■ SOURCE MATERIAL
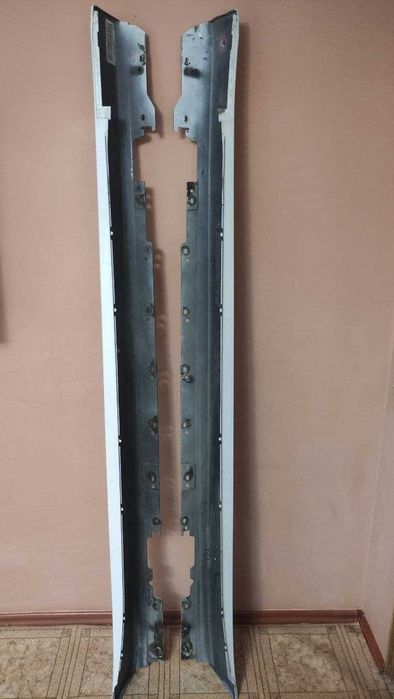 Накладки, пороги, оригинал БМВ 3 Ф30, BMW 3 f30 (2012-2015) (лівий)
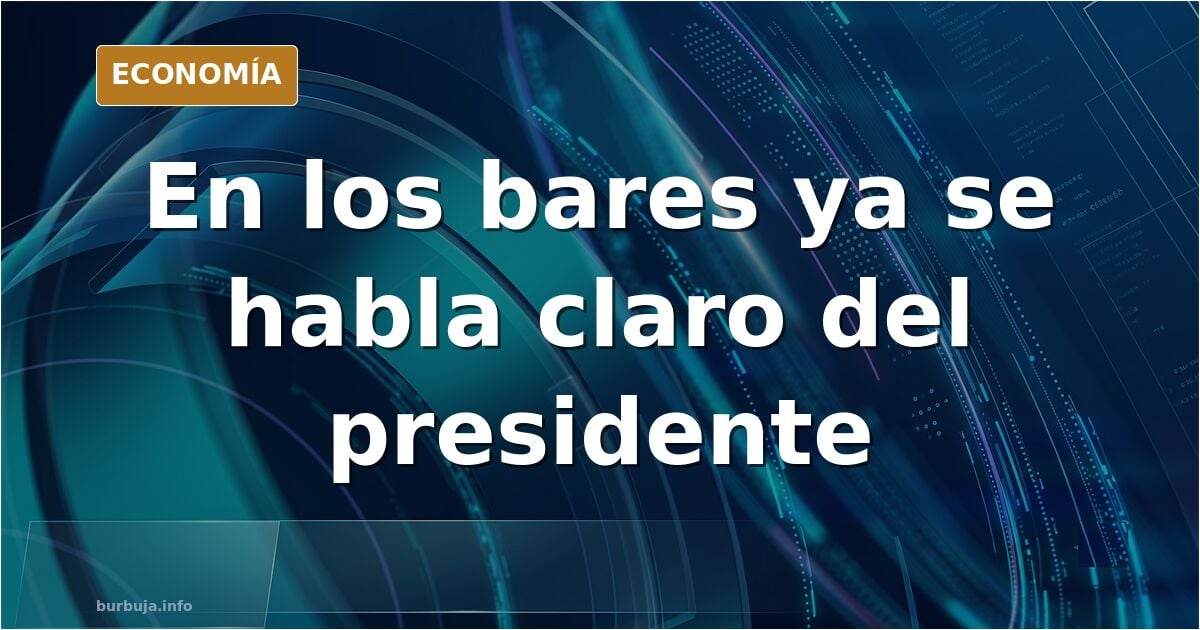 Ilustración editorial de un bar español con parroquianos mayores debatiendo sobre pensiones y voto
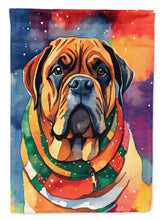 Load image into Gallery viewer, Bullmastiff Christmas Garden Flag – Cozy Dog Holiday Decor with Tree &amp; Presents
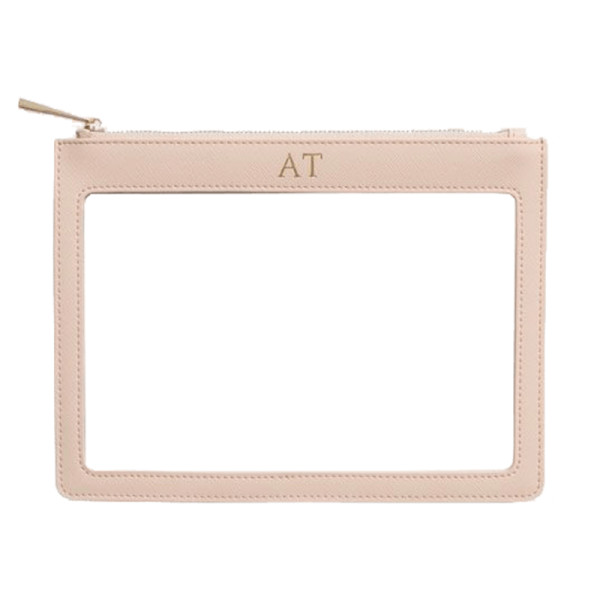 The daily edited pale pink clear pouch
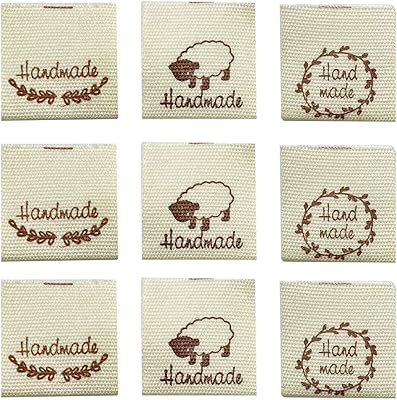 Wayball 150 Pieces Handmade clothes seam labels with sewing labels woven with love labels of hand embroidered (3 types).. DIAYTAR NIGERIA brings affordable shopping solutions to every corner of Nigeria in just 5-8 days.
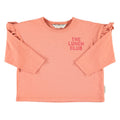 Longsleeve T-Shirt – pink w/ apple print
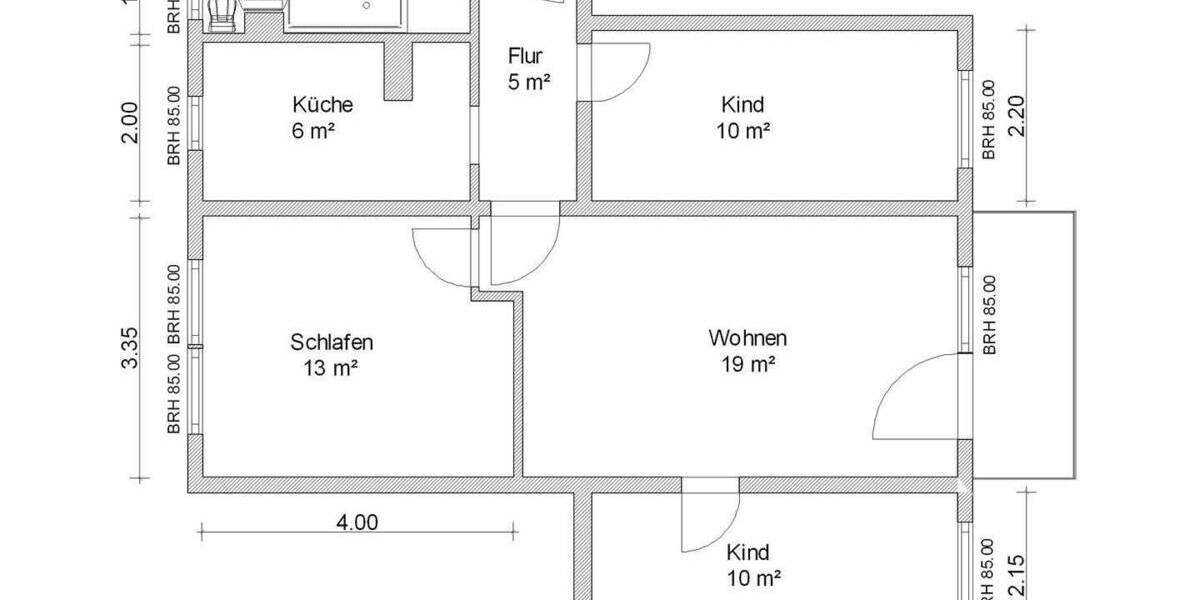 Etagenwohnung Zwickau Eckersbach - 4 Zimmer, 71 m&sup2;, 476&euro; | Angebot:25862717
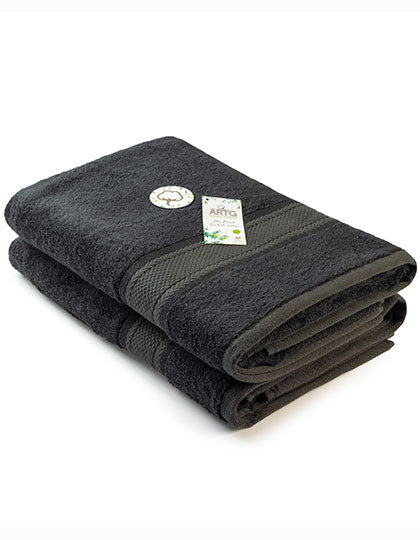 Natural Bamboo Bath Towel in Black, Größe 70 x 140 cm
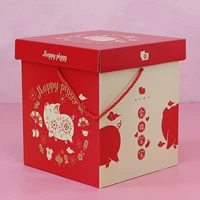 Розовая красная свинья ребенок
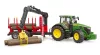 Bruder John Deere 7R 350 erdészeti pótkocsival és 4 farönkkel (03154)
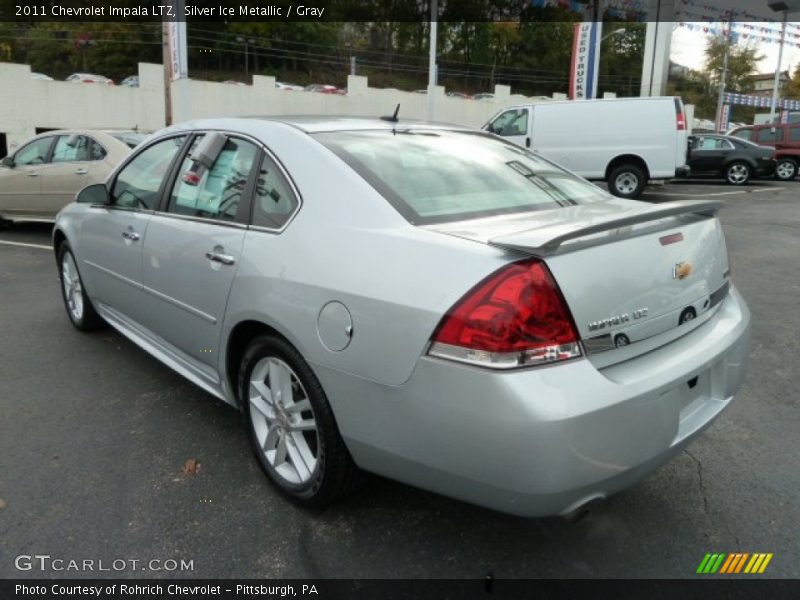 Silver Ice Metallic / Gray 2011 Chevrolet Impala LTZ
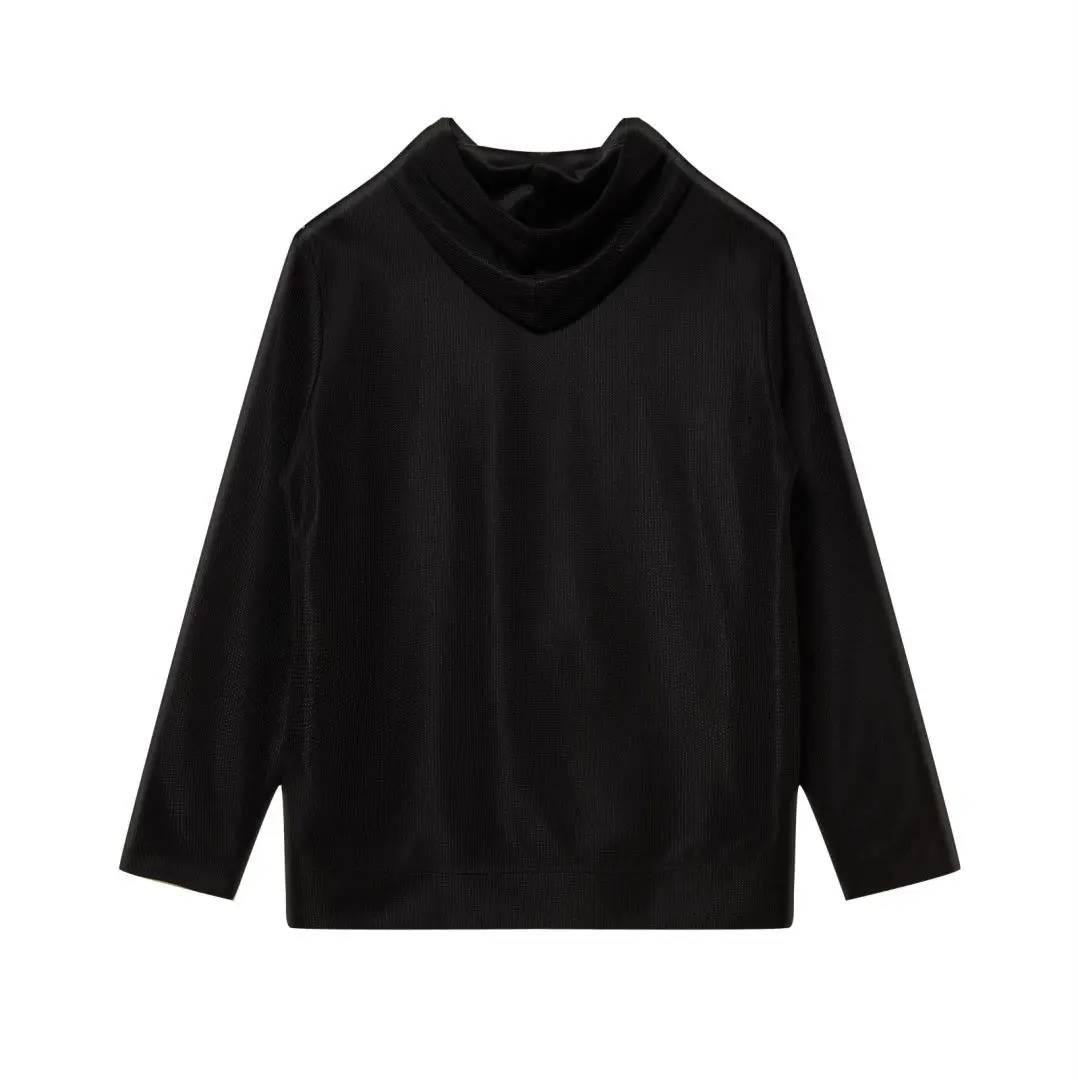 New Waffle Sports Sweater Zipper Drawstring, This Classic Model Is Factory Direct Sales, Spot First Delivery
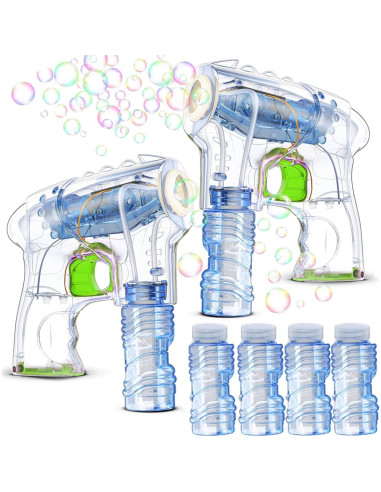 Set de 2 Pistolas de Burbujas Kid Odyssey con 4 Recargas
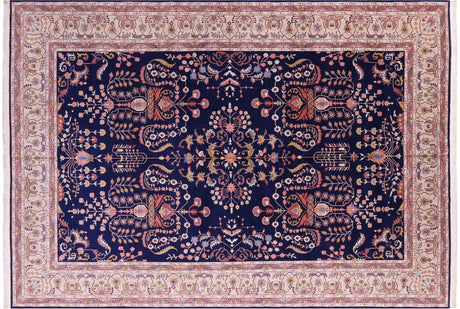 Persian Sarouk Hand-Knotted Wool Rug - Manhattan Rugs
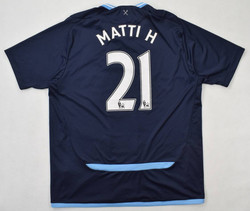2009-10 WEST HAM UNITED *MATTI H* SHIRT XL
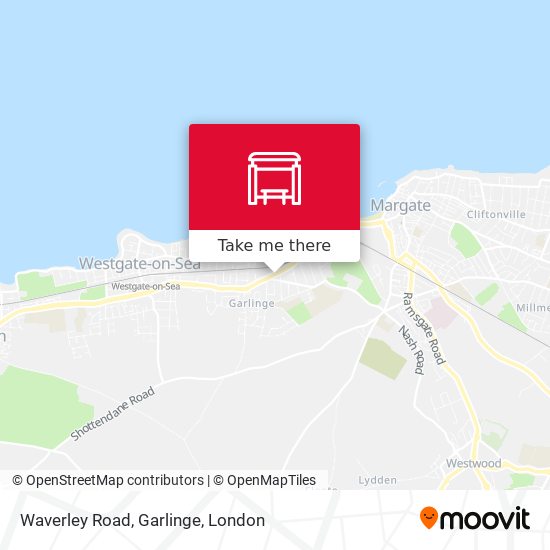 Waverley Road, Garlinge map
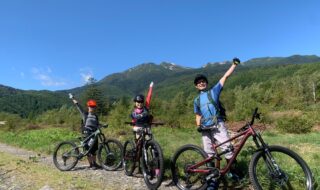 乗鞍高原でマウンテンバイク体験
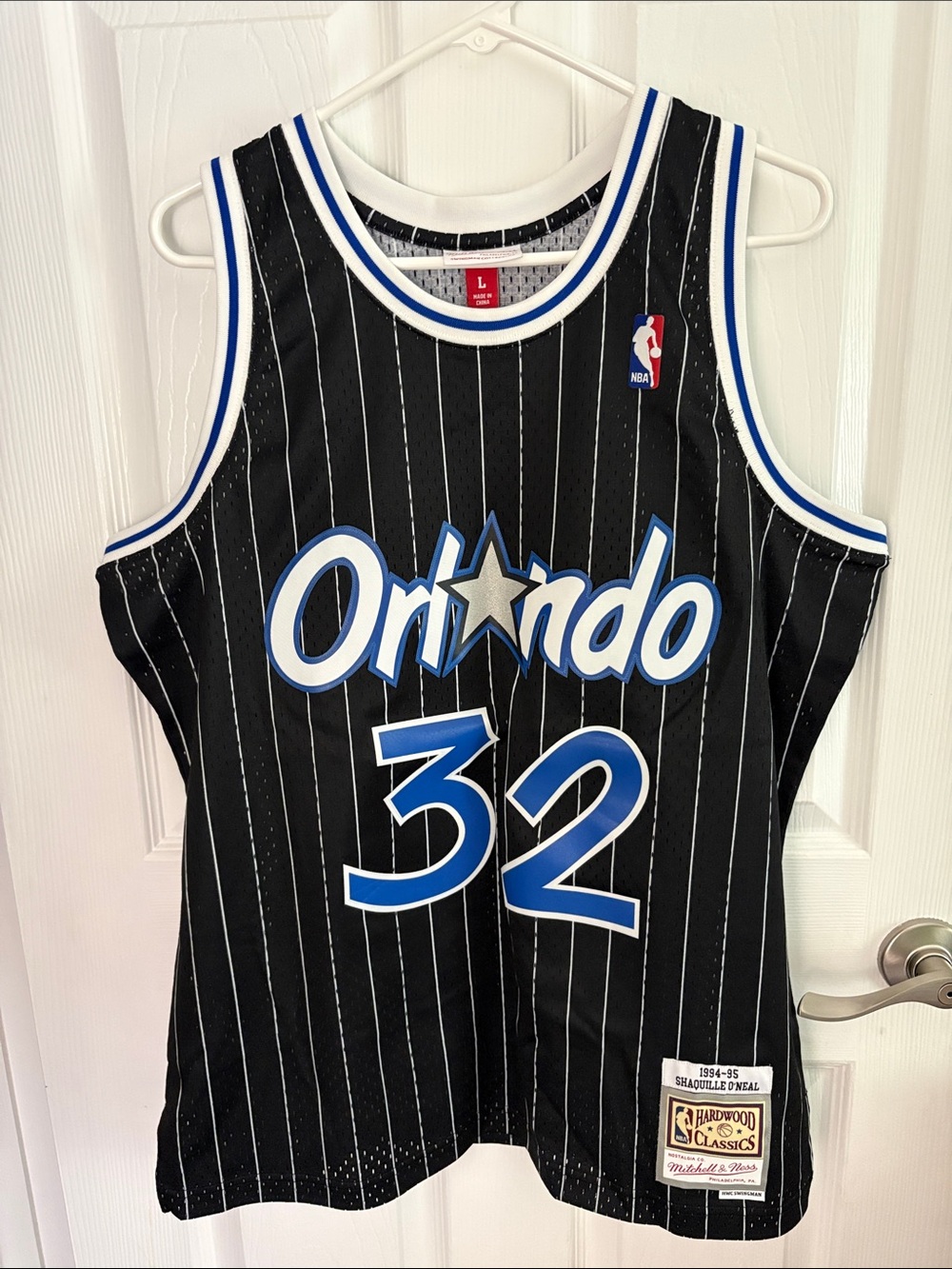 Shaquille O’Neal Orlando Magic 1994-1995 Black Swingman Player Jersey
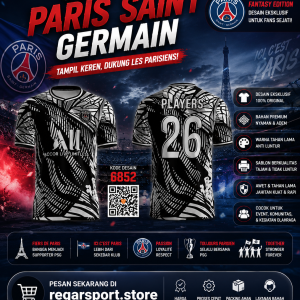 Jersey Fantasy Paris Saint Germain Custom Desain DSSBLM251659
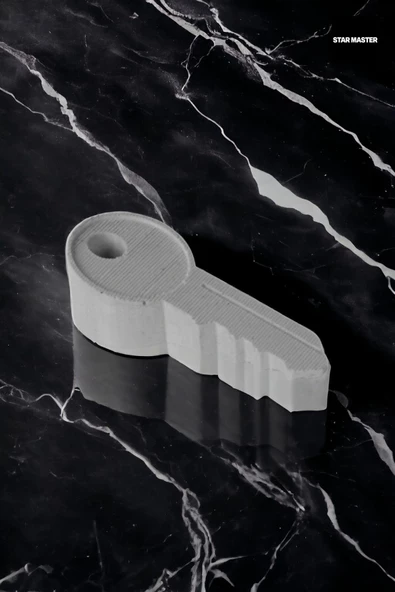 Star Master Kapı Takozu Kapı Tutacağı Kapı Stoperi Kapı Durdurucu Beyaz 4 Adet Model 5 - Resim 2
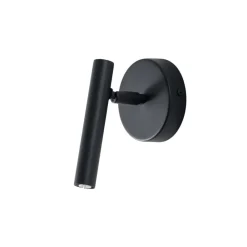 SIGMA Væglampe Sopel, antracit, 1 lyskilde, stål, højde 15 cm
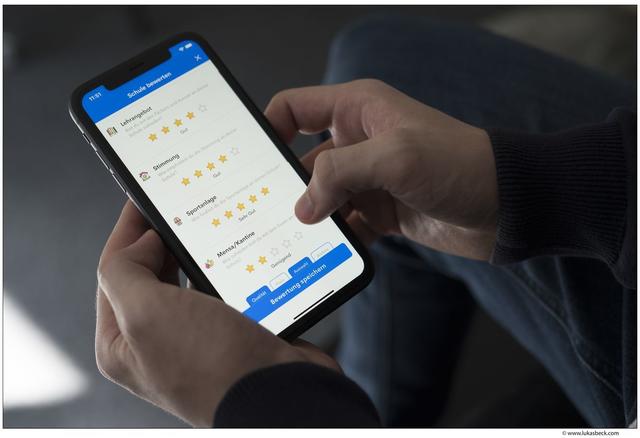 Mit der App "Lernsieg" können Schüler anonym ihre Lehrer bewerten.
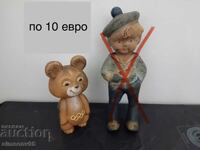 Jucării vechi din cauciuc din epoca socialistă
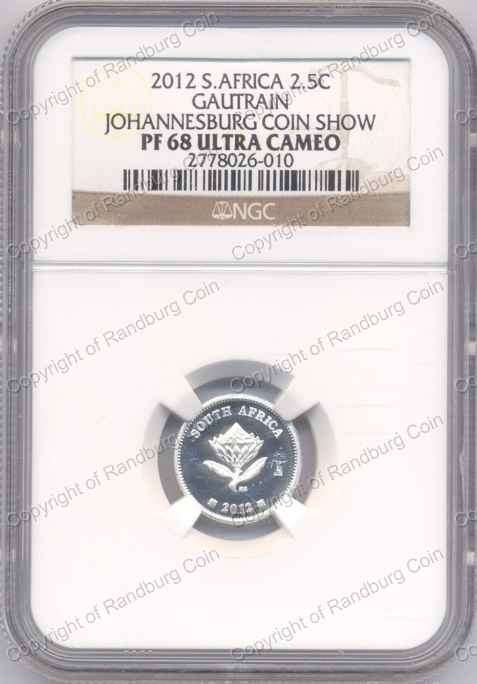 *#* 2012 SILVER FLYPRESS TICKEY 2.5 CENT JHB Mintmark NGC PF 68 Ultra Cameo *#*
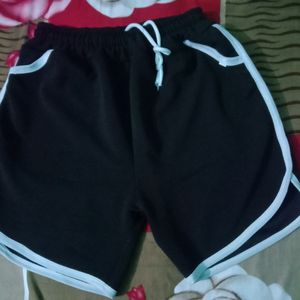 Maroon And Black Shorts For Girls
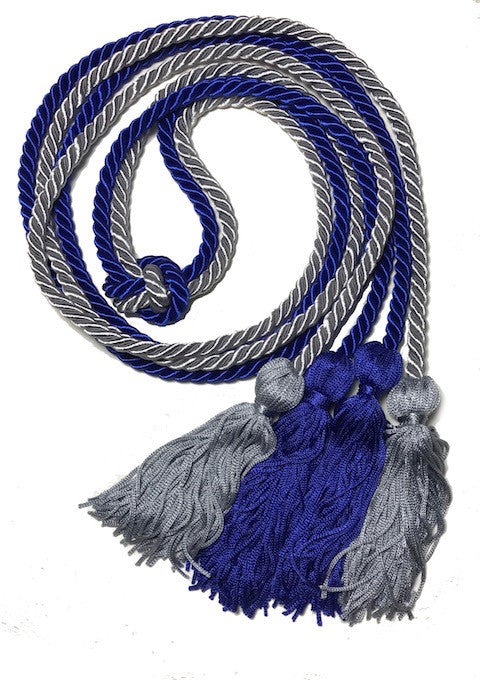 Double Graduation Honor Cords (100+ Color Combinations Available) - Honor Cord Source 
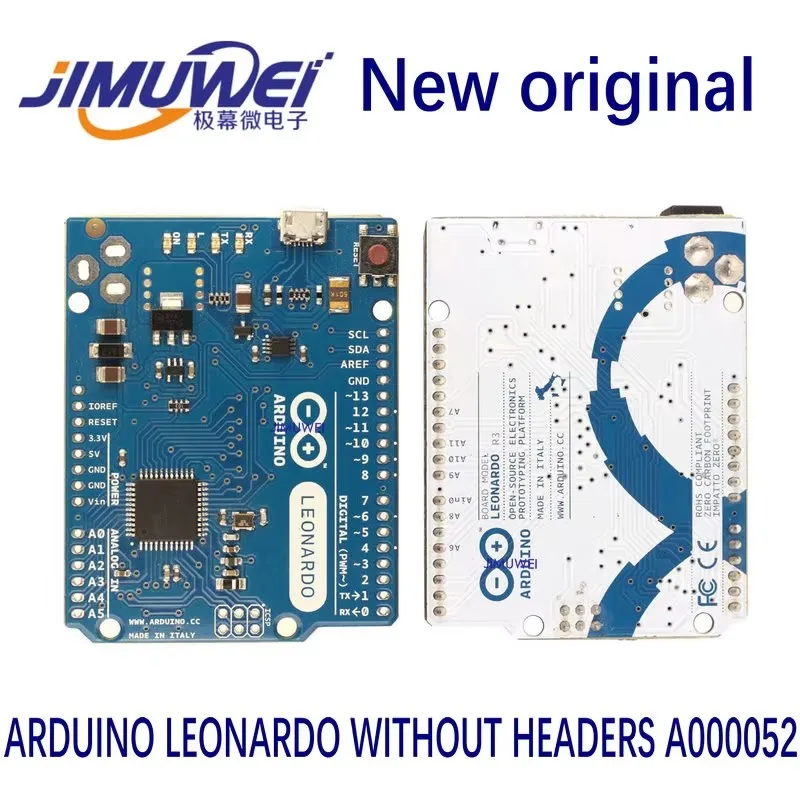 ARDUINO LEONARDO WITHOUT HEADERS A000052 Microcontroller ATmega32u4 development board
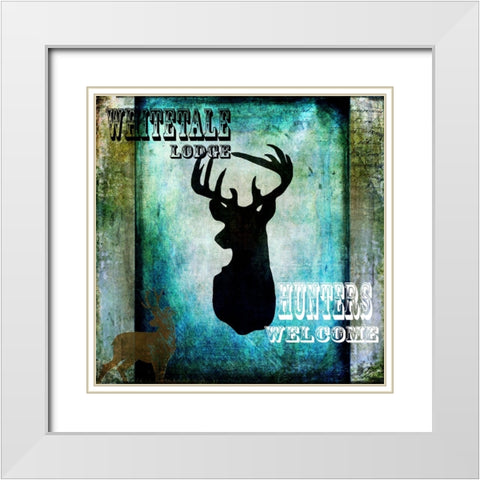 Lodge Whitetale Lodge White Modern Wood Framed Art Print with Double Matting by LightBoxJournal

■ WHAT THIS TASK INVOLVES
Here the lines from the one with "SIGMA Væglampe Sopel, antracit, 1" through the last line of the data above need to be repeated exactly, both included, and any picture omitted.

■ RESULT
 SIGMA Væglampe Sopel, antracit, 1 lyskilde, stål, højde 15 cm
 Mit der App "Lernsieg" können Schüler anonym ihre Lehrer bewerten.
 Jucării vechi din cauciuc din epoca socialistă
 *#* 2012 SILVER FLYPRESS TICKEY 2.5 CENT JHB Mintmark NGC PF 68 Ultra Cameo *#*
 Maroon And Black Shorts For Girls
 Double Graduation Honor Cords (100+ Color Combinations Available) - Honor Cord Source 
 ARDUINO LEONARDO WITHOUT HEADERS A000052 Microcontroller ATmega32u4 development board
 Lodge Whitetale Lodge White Modern Wood Framed Art Print with Double Matting by LightBoxJournal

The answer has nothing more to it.